Rainey finished 6th in Division 2B of the Energia AIL in the 2022/23 and finished top of Section 1B of the Ulster Senior League in the same season. The team finished 7th Division 2B of the Energia AIL in the 2023/24 season.

In May 2024, it was announced that former Ulster, Glasgow and Castres second row, Tim Barker would be the Head Coach for the 2024/25 season. Tim had previously played for Rainey for many years and had been an assistant coach for the previous 2 seasons.

Tim had a successful 2 years at the helm with the team narrowly missing out on the play-offs of AIL 2B on both occasions.

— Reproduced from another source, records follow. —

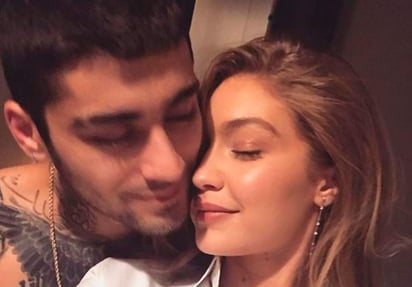 Gigi Hadid y Zayn Malik son conocidos por mantener su vida privada fuera de foco, por lo que sorprendió a usuarios de redes sociales que la modelo decidiera compartir un poco de su intimidad con una foto junto al cantante a punto de convertirse en papás. (INSTAGRAM) 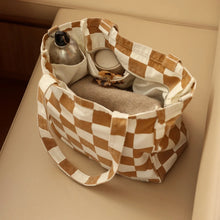 Load image into Gallery viewer, Everyday Pocket Tote | Tan Check
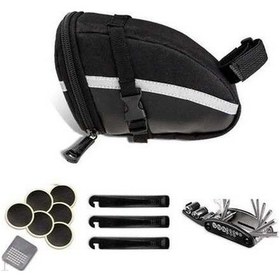 Resim Pazly Bag With Tools Kits Alet Setleri Eyer Çantası, Çok Renkli, U Shape, Yansıtıcı Şerit, 1.2l Kapasiteli Çok Renkli 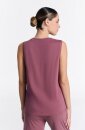 Hochgeschlossenes Frauen Tank Top Tencel nocturne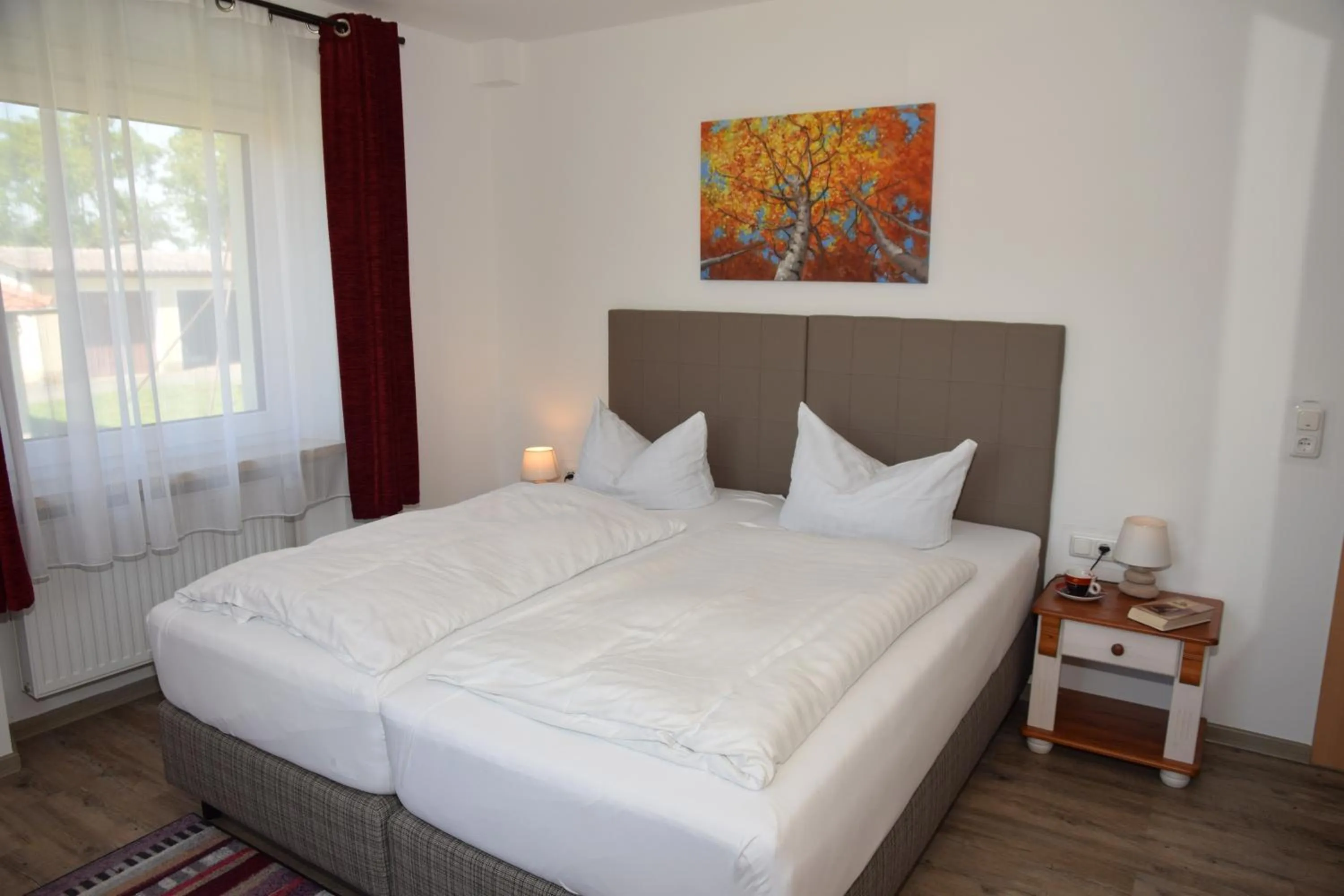 Bed in Landhotel Steigerwaldhaus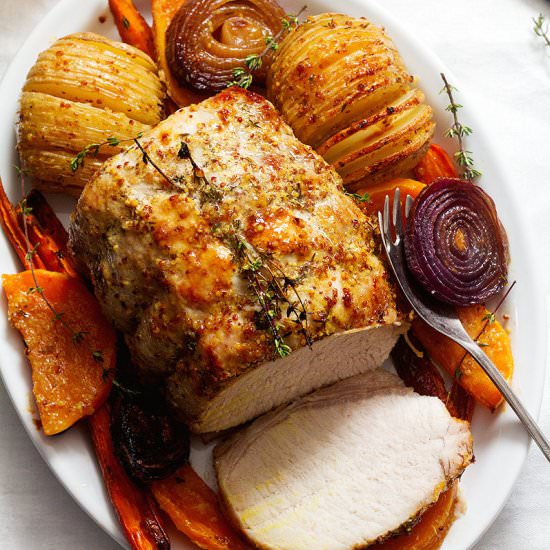 Sheet Pan Honey Mustard Pork Loin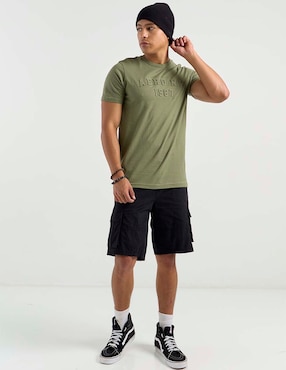 Bermuda Aéropostale de gabardina para hombre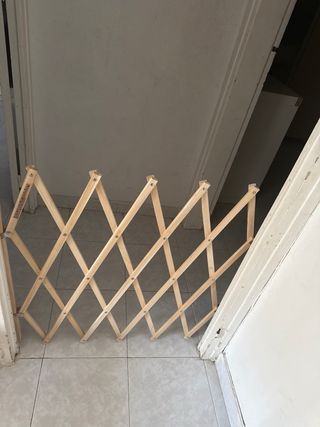 Valla seguridad bebe plegable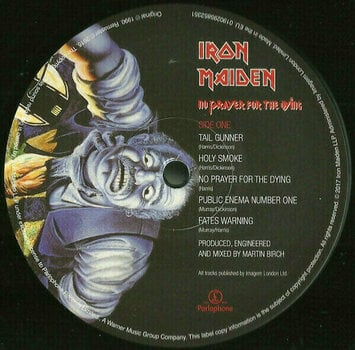 Disque vinyle Iron Maiden - No Prayer For The Dying (LP) - 3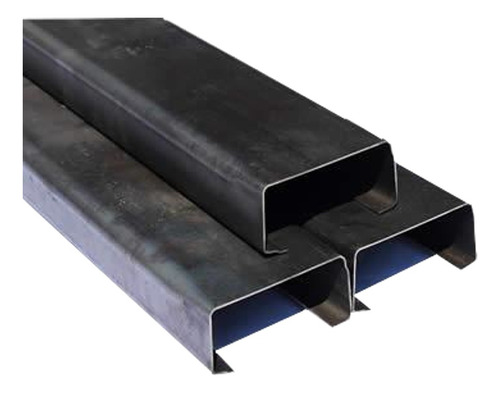 Perfil C 80x50x2.0 Mm X 6.0 Metros Negro Perfiles/techo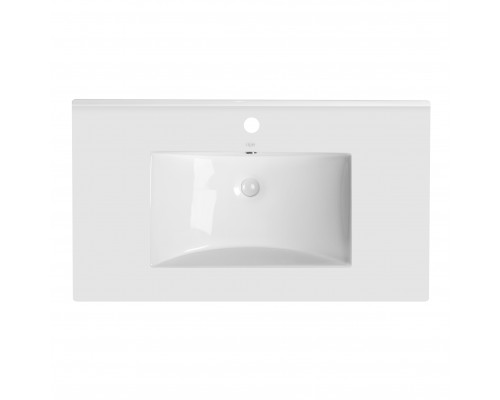 Комплект Qtap Tern 800х580х437 White тумба підвісна + раковина урізна QT1772TPL8013080CW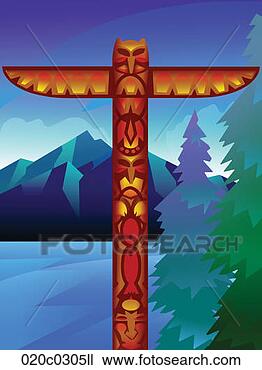 Clipart - totem pole. fotosearch 
- search clipart, 
illustration, 
drawings and vector 
eps graphics images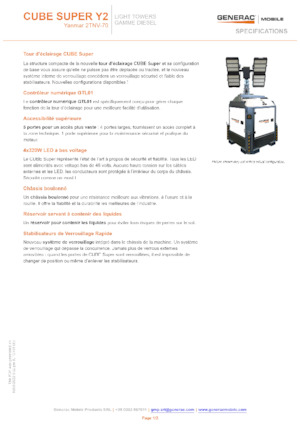 Svjetlosni tornjevi Generac Mobile Cube Super Y2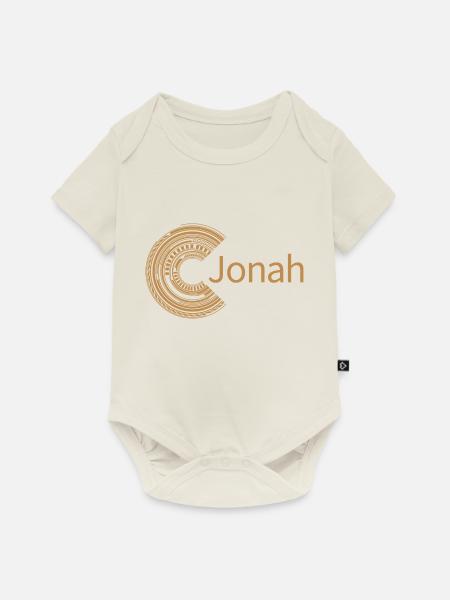 Für Jonah - Baby Premium Kurzarmbody - Naturweiß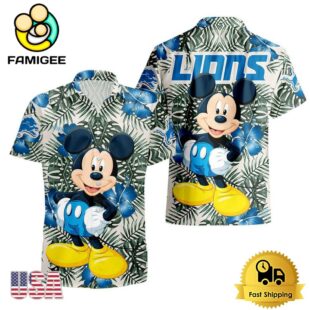 NFL Detroit Lions Mickey Disney Limited Edition Hawaiian Shirt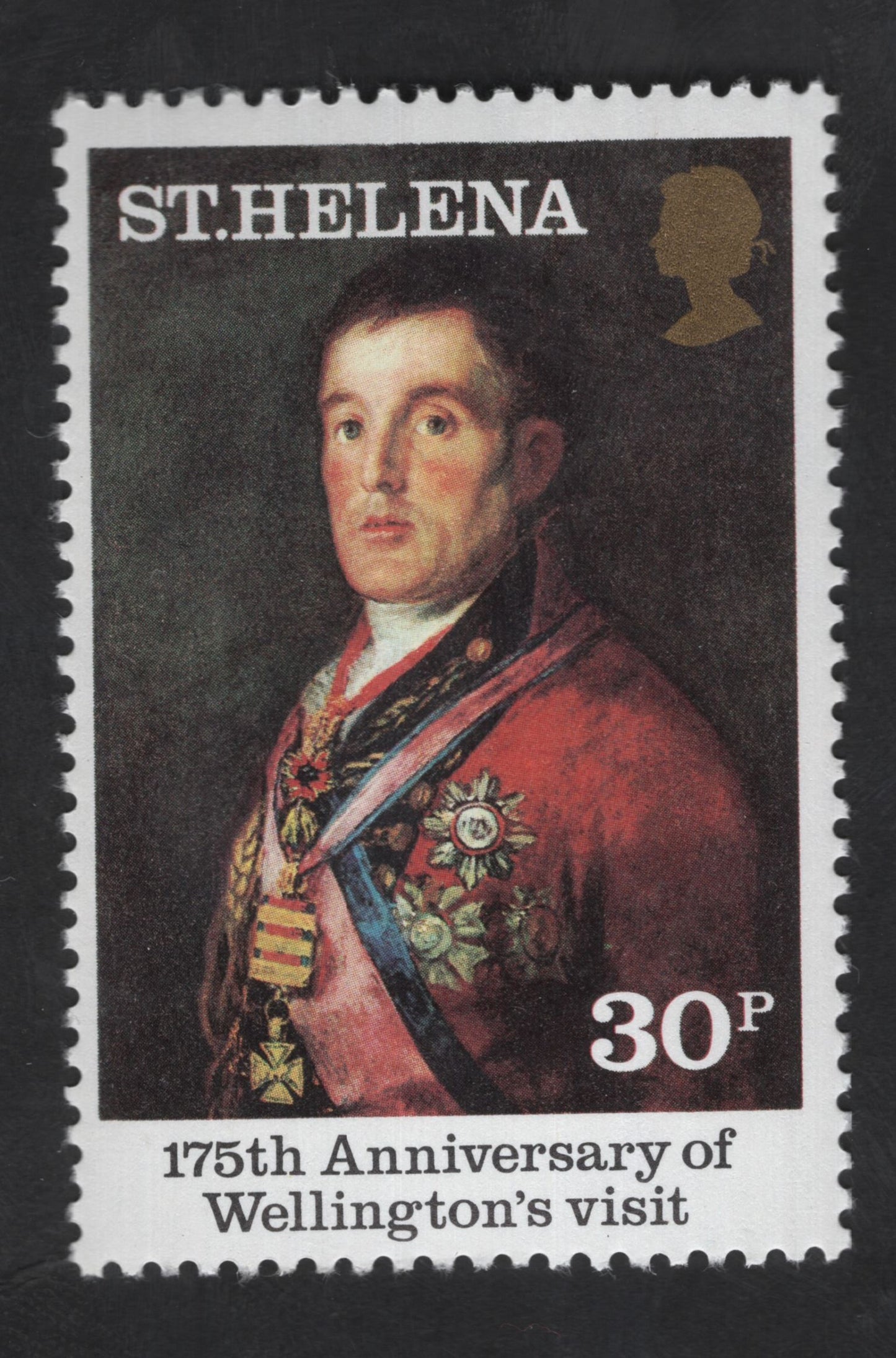 SCG13263 - St. Helena 30p – 175th Anniversary of the Duke of Wellington’s Visit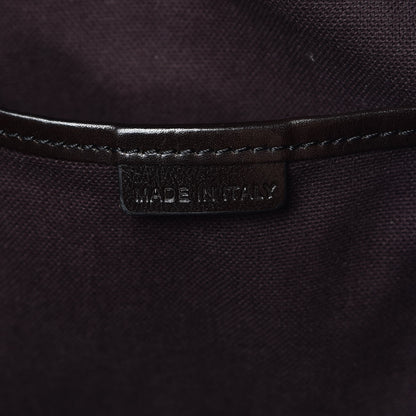 Burberry Suede Haymarket Check Colorblock Small Canterbury Tote Plum 7 of 13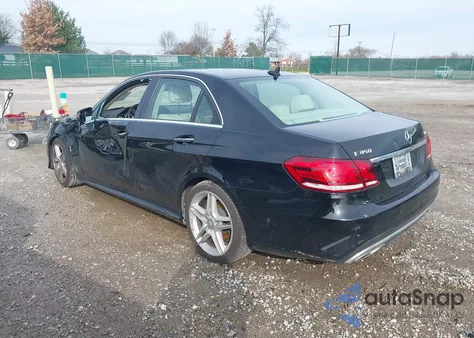 2014 Mercedes-Benz E 350 4Matic z USA, uszkodzony, nr VIN WDDHF8JB8EB008347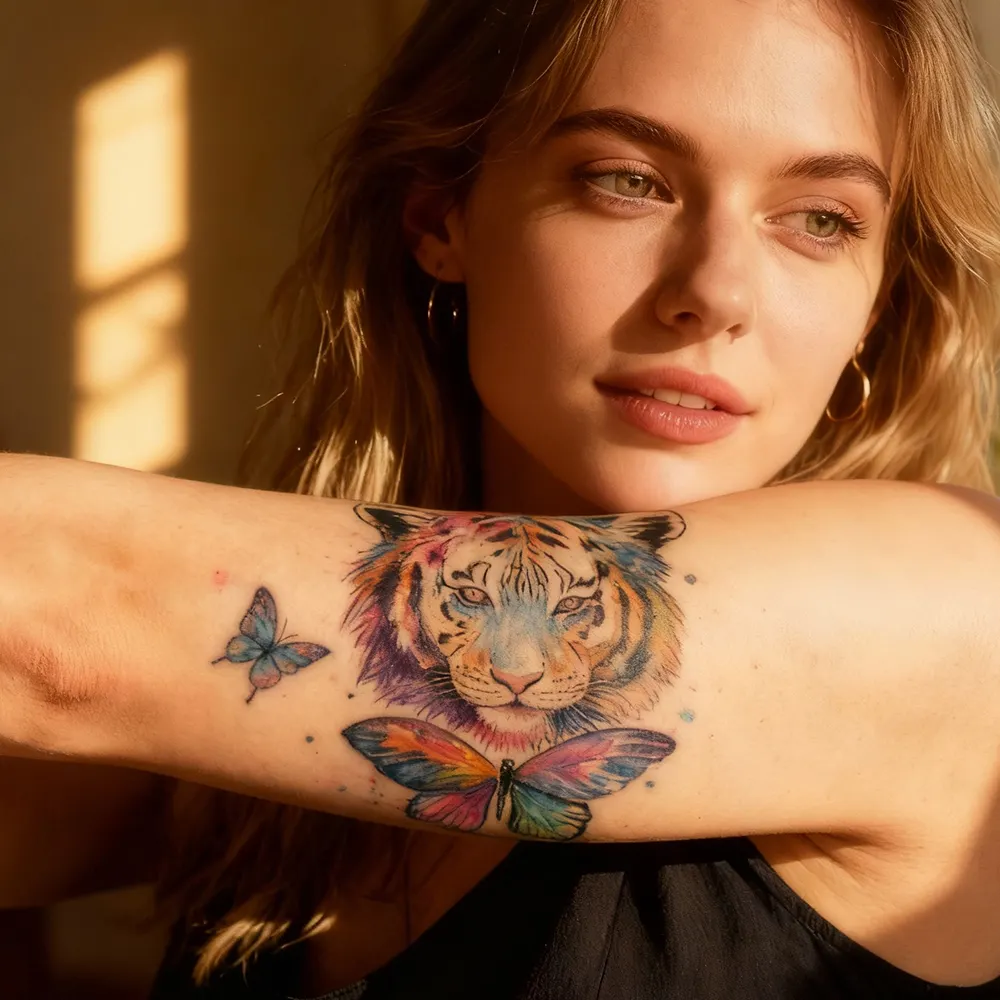 Carta bianca per tatuaggi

In May 2026, Graeme Eastwood was announced as the new 1st XV Head Coach.

Rainey will compete in the newly regionalised Division 2BN of the AIL in the 2026/27 season. Division 2B of the AIL has been split regionally into north and south.

Hooker Bradley Roberts was called into the Ulster Rugby squad in November 2020 and made his debut away to Edinburgh on 30 November 2020. He follows in the footsteps of fellow Rainey man Tommy O'Hagan who played for Ulster in the 2018/19 season. Roberts made his Welsh debut against South Africa in November 2021.

Local musician and former 1st XV Waterboy and Ballboy, J.C Stewart filmed part of a music video for MTV at the club in November 2019.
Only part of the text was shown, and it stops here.